Today’s media exist in an age of challenging dichotomies: truth versus ‘post-truth’, facts versus ‘alternative facts’ and news versus ‘fake news’. If media practitioners find this evolving environment perplexing, what of their audiences? The media landscape increasingly comprises traditional and new media – and media producers range from experienced professionals who publish or broadcast their work widely, to relative novices who use the internet and social media to access niche audiences. Regulated and unregulated media compete for audiences, but what implications for trust are there to the monetisation of falsehood?
Mass media are found in almost every area of our daily lives and the proliferation of platforms has increased their ubiquity, as well as their potential as agents of social change, with possible influences on culture, language, employment, health, social welfare, development, politics and religion.
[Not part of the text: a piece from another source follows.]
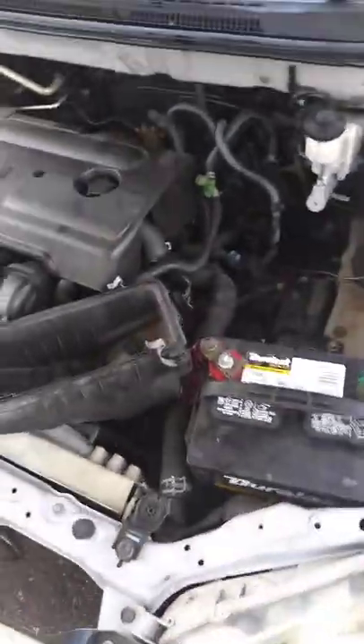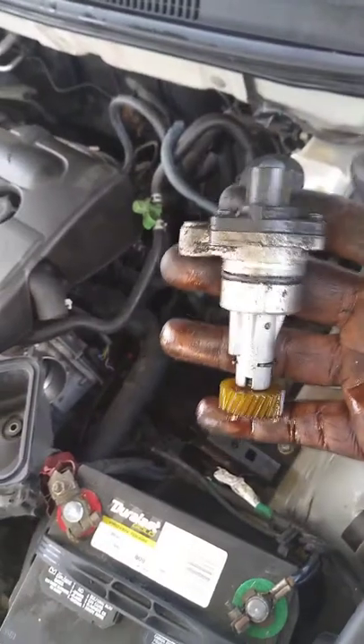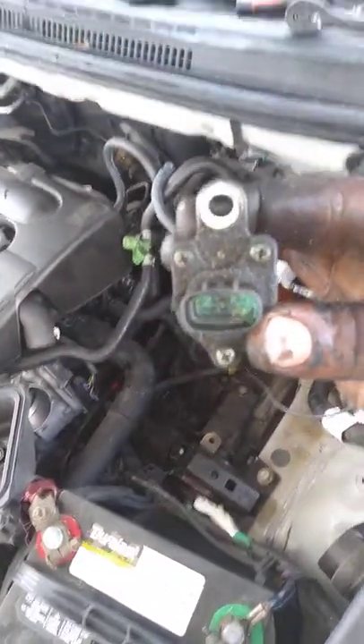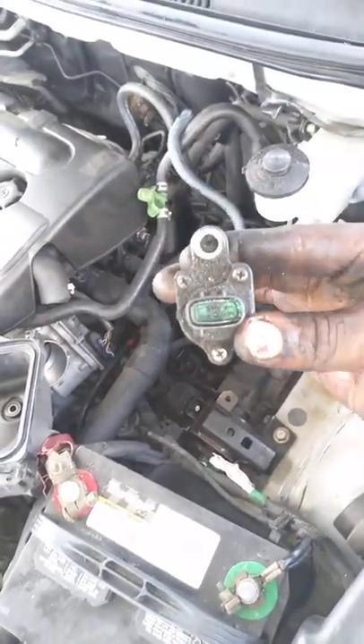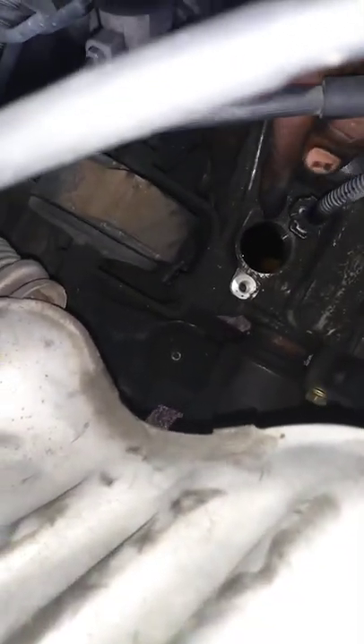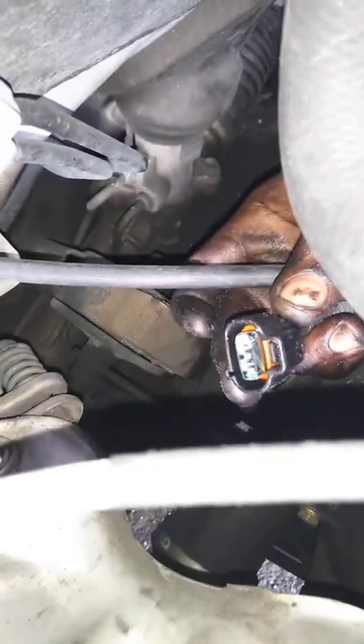2005 Toyota Corolla 1.8 with the VVT 16 valve. We'll show you where this speed sensor is right here. This one is all corroded. The location is back here — this hole back here, which is a 12 millimeter, and this plug here is also 12 millimeter. This is your location for your speed sensor.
Social media enable dialogues to emerge, seemingly from nowhere, and create impact almost everywhere, through the ongoing evolution of the ‘public sphere’. These trends are observable almost worldwide, and deserve recognition and analysis.
Through the divergence of sources and platforms, and the convergence of content and practices, many similarities and differences persist between information, entertainment and communication in today’s mass media and social media alike. These various media interactions might influence societies in a number of ways and evidently impact social relations through the way we communicate with one another. Drawing academically-robust conclusions requires an understanding of this complex, highly-mediatized world, and encourages interdisciplinary scholarship, critical reading, data analysis, and an examination of the impact of the various media.